The increased number of antennas in a MIMO system unlike its single antenna system counterpart, can use multiple channels for increased redundancy providing each channel with independent delay and losses. A common way to analyze performance based upon the number of bits is to calculate the bit-error rates (BER) using a variety of modulation techniques including BPSK, QPSK, 16-QAM and 64-QAM.

It is important to realize that MIMO systems will help achieve a higher capacity for data rates and much more. An advantage to these systems is the demand for higher bandwidth is not needed as the entire system runs on the same frequency. A common misconception for power requirements is if multiple transmit and receive antennas are used, then it would be consuming more. The total power consumption does not exceed the power of any SISO system. As the world evolves, the use of MIMO systems is being implemented globally and deployed at very large scales. MIMO techniques promote and enable non-line-of-sight installations, reduced electrical demands, lower BER, increased network range and lower levels of interference. Base and mobile stations from cellular carriers use a low number of antennas to drive a simpler, more cost-efficient design.

2. Basic Design Concepts

Receiver diversity is used in present cellular mobile systems to gain benefits for improving quality and uplink range.
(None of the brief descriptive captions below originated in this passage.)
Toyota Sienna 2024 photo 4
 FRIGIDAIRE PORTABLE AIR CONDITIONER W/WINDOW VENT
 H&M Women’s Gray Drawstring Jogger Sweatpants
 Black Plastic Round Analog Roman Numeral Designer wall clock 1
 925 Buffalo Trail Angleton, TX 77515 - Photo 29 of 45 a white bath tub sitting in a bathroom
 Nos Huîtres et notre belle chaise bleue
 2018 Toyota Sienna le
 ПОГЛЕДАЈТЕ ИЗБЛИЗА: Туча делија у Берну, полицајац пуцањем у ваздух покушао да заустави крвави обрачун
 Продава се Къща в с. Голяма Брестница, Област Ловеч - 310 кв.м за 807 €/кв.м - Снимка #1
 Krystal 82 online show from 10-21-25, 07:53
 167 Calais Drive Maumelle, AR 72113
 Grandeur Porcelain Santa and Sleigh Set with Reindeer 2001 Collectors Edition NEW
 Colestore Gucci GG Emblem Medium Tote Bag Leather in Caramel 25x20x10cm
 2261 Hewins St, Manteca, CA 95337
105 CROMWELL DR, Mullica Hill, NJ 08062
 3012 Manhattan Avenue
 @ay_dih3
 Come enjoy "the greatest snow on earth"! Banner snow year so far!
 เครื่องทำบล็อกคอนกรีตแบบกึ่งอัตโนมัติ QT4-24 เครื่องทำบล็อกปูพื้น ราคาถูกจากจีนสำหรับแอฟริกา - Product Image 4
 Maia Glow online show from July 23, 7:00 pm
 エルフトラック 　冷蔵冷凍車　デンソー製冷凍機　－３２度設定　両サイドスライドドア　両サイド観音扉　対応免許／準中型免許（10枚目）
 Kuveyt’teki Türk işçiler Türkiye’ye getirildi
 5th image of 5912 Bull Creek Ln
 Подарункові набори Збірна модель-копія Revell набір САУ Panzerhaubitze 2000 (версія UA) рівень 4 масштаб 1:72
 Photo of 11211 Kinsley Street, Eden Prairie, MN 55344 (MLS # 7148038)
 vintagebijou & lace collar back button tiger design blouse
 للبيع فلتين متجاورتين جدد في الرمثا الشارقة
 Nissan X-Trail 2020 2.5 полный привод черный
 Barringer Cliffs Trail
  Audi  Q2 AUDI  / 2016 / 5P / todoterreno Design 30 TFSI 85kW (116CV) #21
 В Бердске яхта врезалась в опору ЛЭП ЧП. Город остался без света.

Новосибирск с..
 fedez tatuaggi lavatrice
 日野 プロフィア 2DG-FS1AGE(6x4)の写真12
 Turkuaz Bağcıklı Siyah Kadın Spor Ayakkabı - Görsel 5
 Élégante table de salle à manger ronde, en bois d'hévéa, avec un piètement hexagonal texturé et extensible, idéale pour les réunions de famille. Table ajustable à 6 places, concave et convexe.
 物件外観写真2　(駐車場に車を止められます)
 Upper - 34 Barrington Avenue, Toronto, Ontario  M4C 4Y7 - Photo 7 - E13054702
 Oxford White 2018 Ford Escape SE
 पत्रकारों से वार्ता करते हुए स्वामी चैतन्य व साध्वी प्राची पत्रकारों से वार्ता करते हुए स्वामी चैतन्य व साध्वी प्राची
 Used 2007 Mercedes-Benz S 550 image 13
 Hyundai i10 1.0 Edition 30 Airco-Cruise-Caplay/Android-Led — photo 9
Error control coding can be combined with transmit diversity to achieve improved performance of multiple antenna transmission systems leading to coding gain advantages and diversity benefits. A drawback to this method is bandwidth expansion due to increased levels of code redundancy. Compiling error control coding with modulation and transmit diversity as a single block needs to be performed with space time codes. Space time coding makes it possible to achieve coding gain as well as diversity benefits without bandwidth expansion [3]. Some basic fundamental concepts of MIMO systems begin with understanding how they are used in the field.

With multiple antennas and receivers come multiple scenarios for transmission paths to propagate along. This multipath effect benefits the subscriber or end user. MIMO systems can be broadly classified into three main categories: Space Diversity, Spatial Multiplexing, and Beamforming techniques. Beamforming is when the transmitter and receiver can aim their main beam at each other. This will increase the received power consequentially increasing the SNR. In order to reduce the probability of an outage, spatial diversity can be used to code a signal through the transmit antennas to create redundancy. Spatial multiplexing allows transmission in parallel with use of all the transmit antennas. The receiver will then choose which signal to process accordingly. STBC is a very powerful encoding scheme to fill the gap between spatial multiplexing and space time diversity [4].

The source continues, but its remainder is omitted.